▶ _TASK TO COMPLETE_
Only the lines below from the one containing "Mr Men Wall Height Chart Kids" through the one containing "Crowd at night" belong in the answer, repeated exactly and without pictures.

▶ _DATA SECTION_
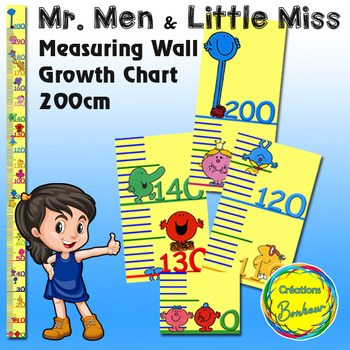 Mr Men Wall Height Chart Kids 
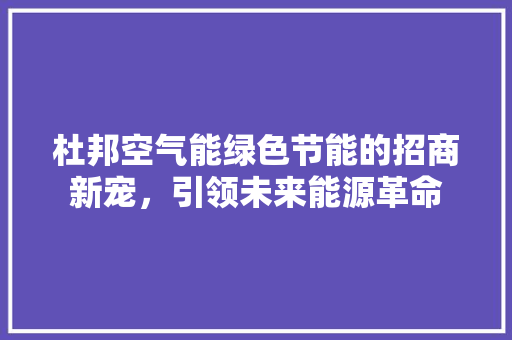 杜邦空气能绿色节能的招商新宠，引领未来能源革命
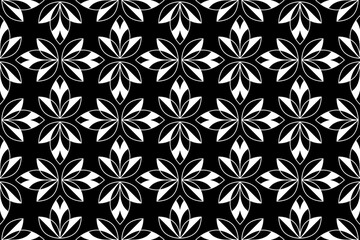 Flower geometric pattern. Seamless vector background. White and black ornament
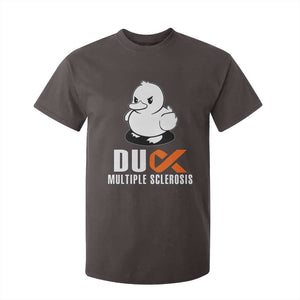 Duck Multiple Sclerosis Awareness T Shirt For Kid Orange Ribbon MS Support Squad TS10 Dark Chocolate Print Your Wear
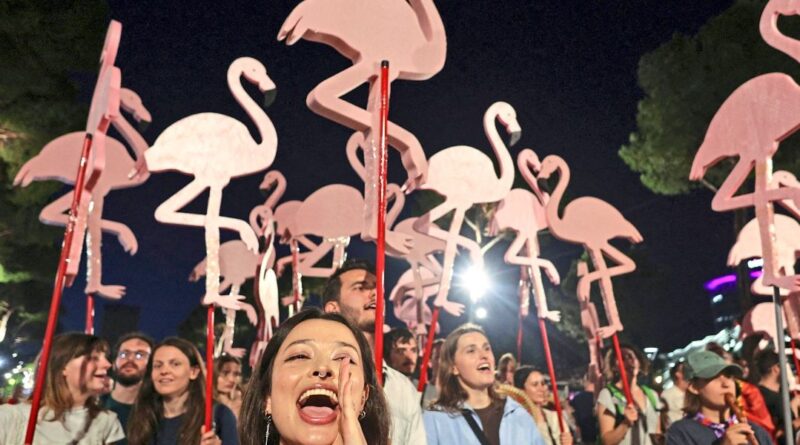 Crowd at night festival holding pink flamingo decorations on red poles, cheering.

==

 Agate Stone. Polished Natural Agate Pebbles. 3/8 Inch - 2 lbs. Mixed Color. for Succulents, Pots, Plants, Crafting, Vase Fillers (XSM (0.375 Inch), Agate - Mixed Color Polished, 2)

▶ _WRITTEN REPLY_
 Mr Men Wall Height Chart Kids 
 杜邦空气能绿色节能的招商新宠，引领未来能源革命
 Flower geometric pattern. Seamless vector background. White and black ornament
 Duck Multiple Sclerosis Awareness T Shirt For Kid Orange Ribbon MS Support Squad TS10 Dark Chocolate Print Your Wear
 Crowd at night festival holding pink flamingo decorations on red poles, cheering.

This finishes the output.